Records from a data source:
^^^^^^^^
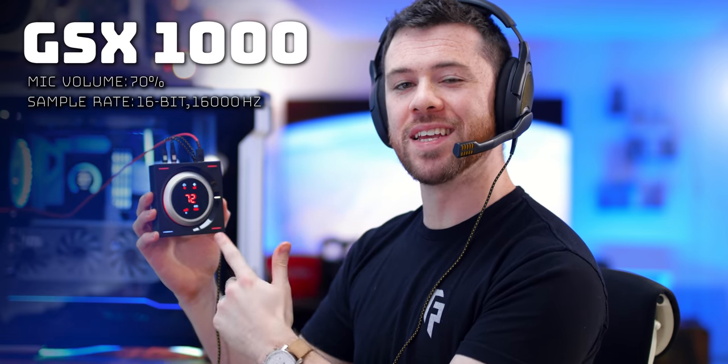First up is the Sennheiser GSX-1000. As you can hear versus the stock microphone, this is notably not as good. There's a lot of compression going on. It does a pretty good job at eliminating background noise, which is why the overall voice quality gets compressed. Strangely, they capped the microphone to 16-bit, 16,000 Hz in your sound settings, so it's not going to be as good as the stock mic. So as great as it is as an amp and DAC for EQ features, the one area it misses is compressing and suppressing the overall mic quality.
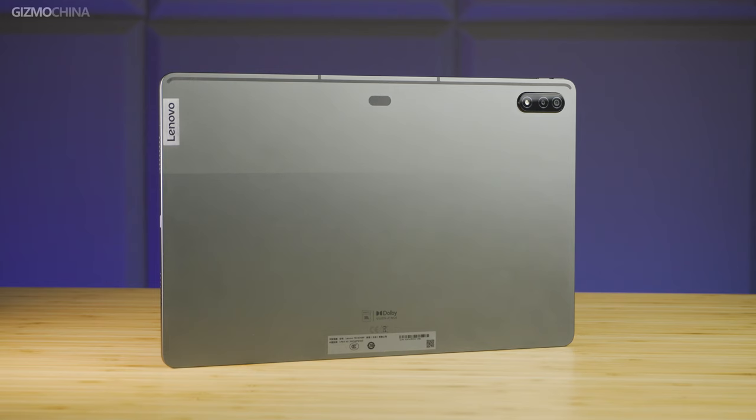This is going to be all for today's unboxing. Please leave a like if you enjoyed the video, and if you want to see the full review, we will be uploading it very soon. Subscribe to our channel GizmoChina and thanks for watching.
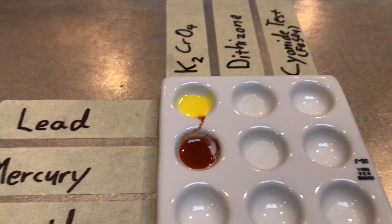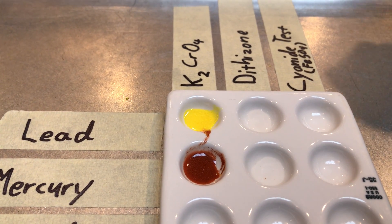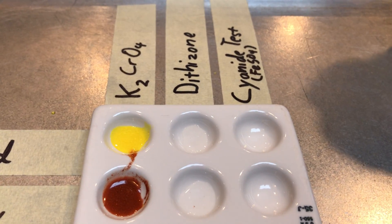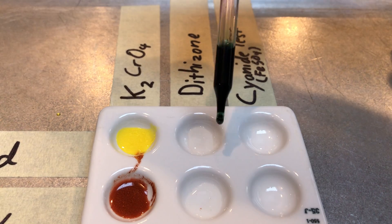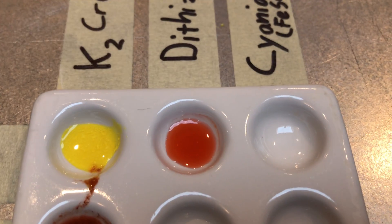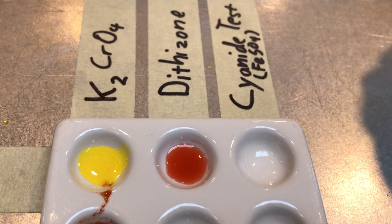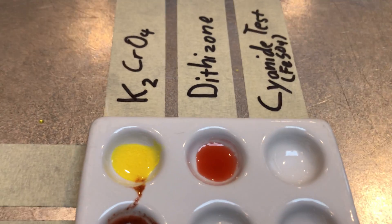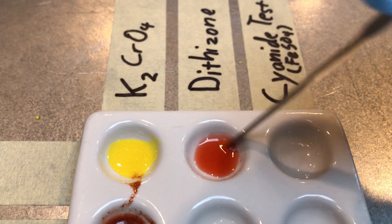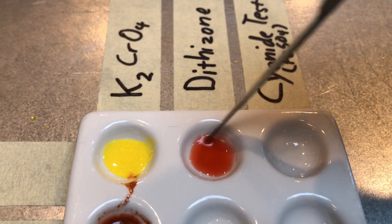Bridget, if you wouldn't mind adding the dithizone to our lead and mercury solutions — first two drops to the lead. If we look closely, you can see kind of an orange color forms. Give it a stir please. It really just kind of turns an orange color — really nothing going on there.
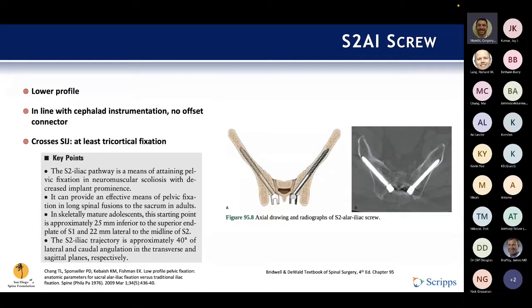The other thing about the S2AI screw is it's usually starting a little bit more distal, so it's usually a flatter trajectory rather than from superior to inferior. Those are two things people don't talk about as much. The data is pretty good regarding whether those screws perform well, and it seems the S2AI screws are performing pretty well overall.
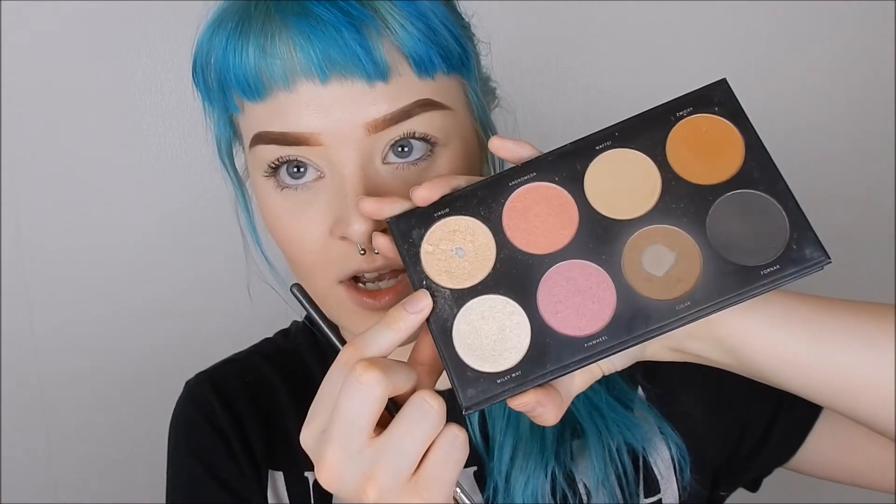So I'm just going to take Virgo and highlight my upper lip and my cupid's bow. Like that. You see — that kind of plumps it a little bit actually. Contouring done.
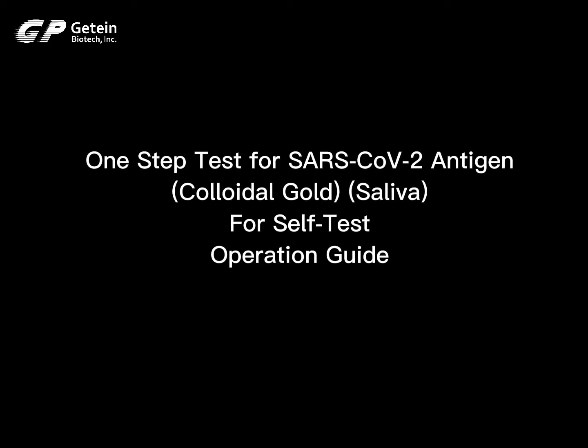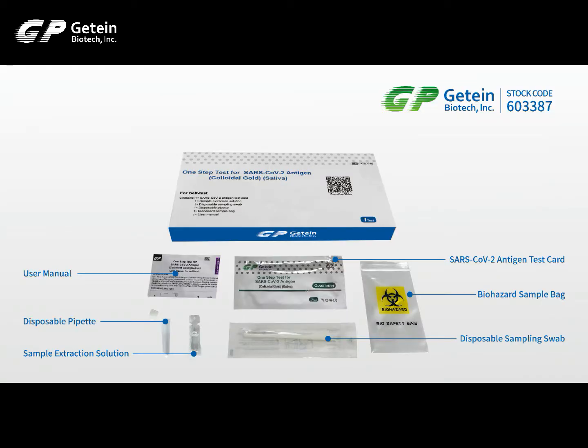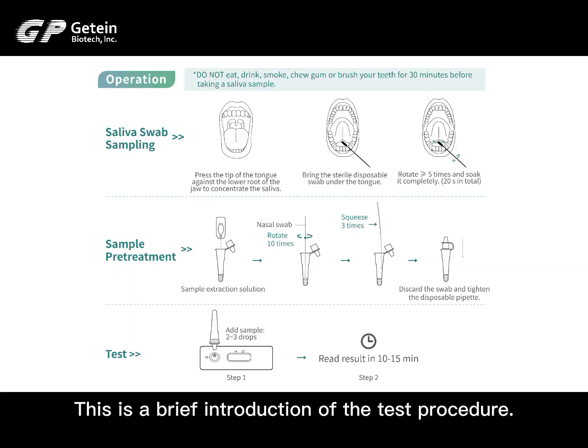One step test for SARS-CoV-2 antigen colloidal gold. For self-test operation guide. Test kit contents. Test procedure. This is a brief introduction of the test procedure.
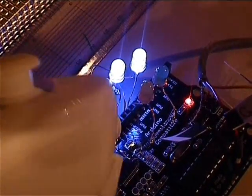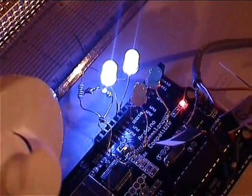These two blue lights respond to position. If I turn this to the left, you'll see one of the LEDs dim. Turn it the other way, it goes brighter.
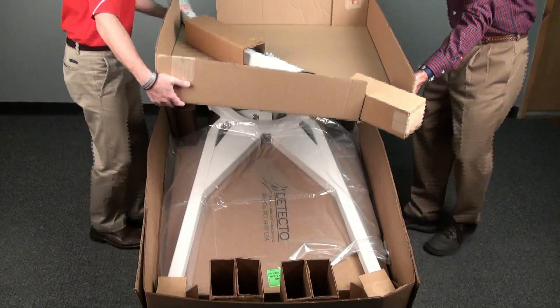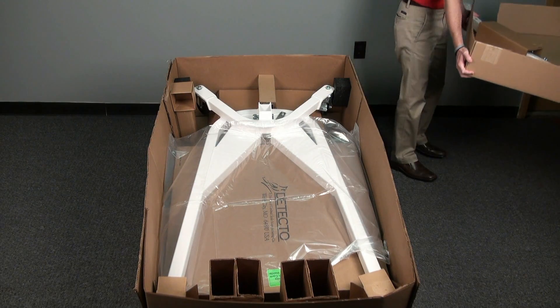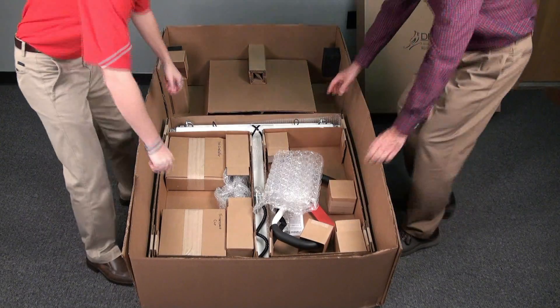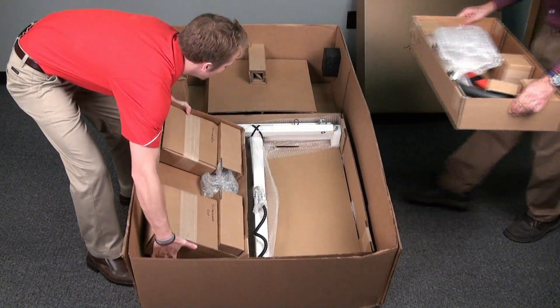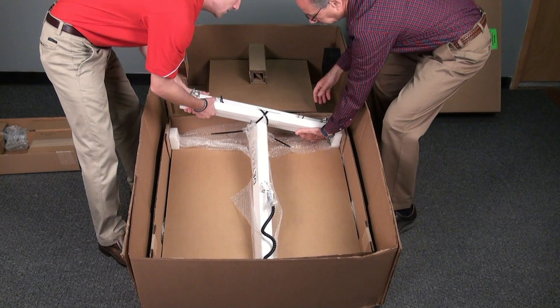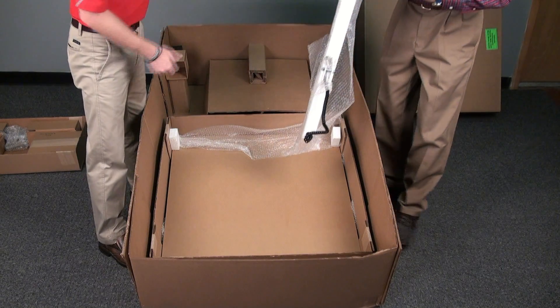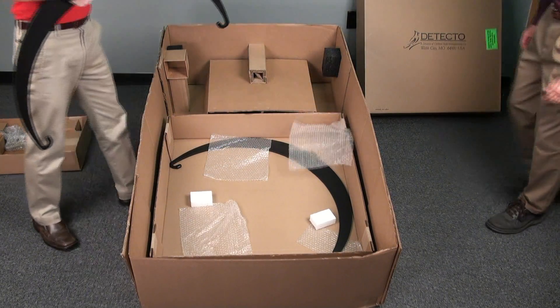Begin by removing the column assembly from the box with the help of an assistant and setting it aside. Next, remove the base assembly and then open the inner box that has the remaining parts and indicator, setting each of them just outside of your workspace until they are needed. Take care to keep the boom assembly packed and strapped until it comes time to attach it. Finally, remove the support hoops at the bottom of the box and set them aside.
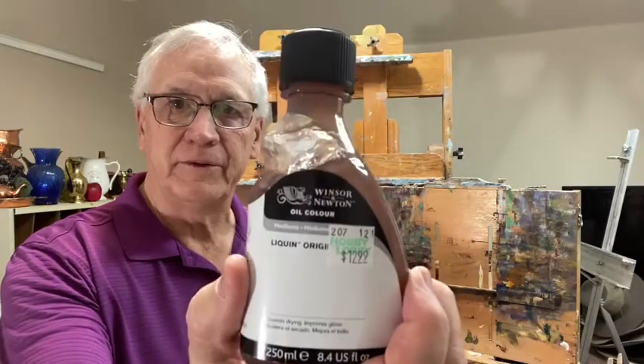Hello everybody. This last week I did a demo using this product, Winsor & Newton Liquin. That created a conversation on our Facebook page. I thought it'd be really great just for me to step on here and talk about different mediums, pros and cons of each. We're going to talk about four different mediums and I'm going to give you a little bit of knowledge I have about each one, but it's going to be up to you to try them and see how they work for you, because everybody's situation is different.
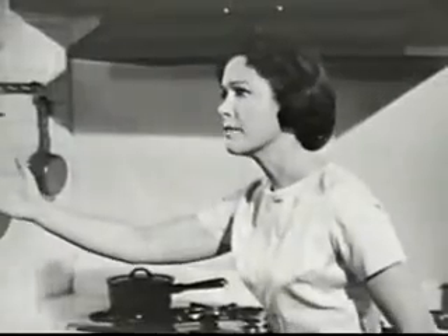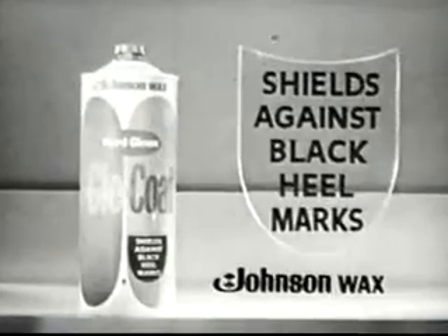Hey! Where are you going? I need a shield at my house! Hard Gloss Glowcoat. It shields against black heel marks.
^^^^^^^^
### WHAT YOU HAVE TO DO
Restate exactly, please, only the lines between the start of the data and the line containing "These two blue", both ends included, skipping the pictures.

### ANSWER TO THE EXERCISE
First up is the Sennheiser GSX-1000. As you can hear versus the stock microphone, this is notably not as good. There's a lot of compression going on. It does a pretty good job at eliminating background noise, which is why the overall voice quality gets compressed. Strangely, they capped the microphone to 16-bit, 16,000 Hz in your sound settings, so it's not going to be as good as the stock mic. So as great as it is as an amp and DAC for EQ features, the one area it misses is compressing and suppressing the overall mic quality.
This is going to be all for today's unboxing. Please leave a like if you enjoyed the video, and if you want to see the full review, we will be uploading it very soon. Subscribe to our channel GizmoChina and thanks for watching.
Bridget, if you wouldn't mind adding the dithizone to our lead and mercury solutions — first two drops to the lead. If we look closely, you can see kind of an orange color forms. Give it a stir please. It really just kind of turns an orange color — really nothing going on there.
The other thing about the S2AI screw is it's usually starting a little bit more distal, so it's usually a flatter trajectory rather than from superior to inferior. Those are two things people don't talk about as much. The data is pretty good regarding whether those screws perform well, and it seems the S2AI screws are performing pretty well overall.
So I'm just going to take Virgo and highlight my upper lip and my cupid's bow. Like that. You see — that kind of plumps it a little bit actually. Contouring done.
One step test for SARS-CoV-2 antigen colloidal gold. For self-test operation guide. Test kit contents. Test procedure. This is a brief introduction of the test procedure.
These two blue lights respond to position. If I turn this to the left, you'll see one of the LEDs dim. Turn it the other way, it goes brighter.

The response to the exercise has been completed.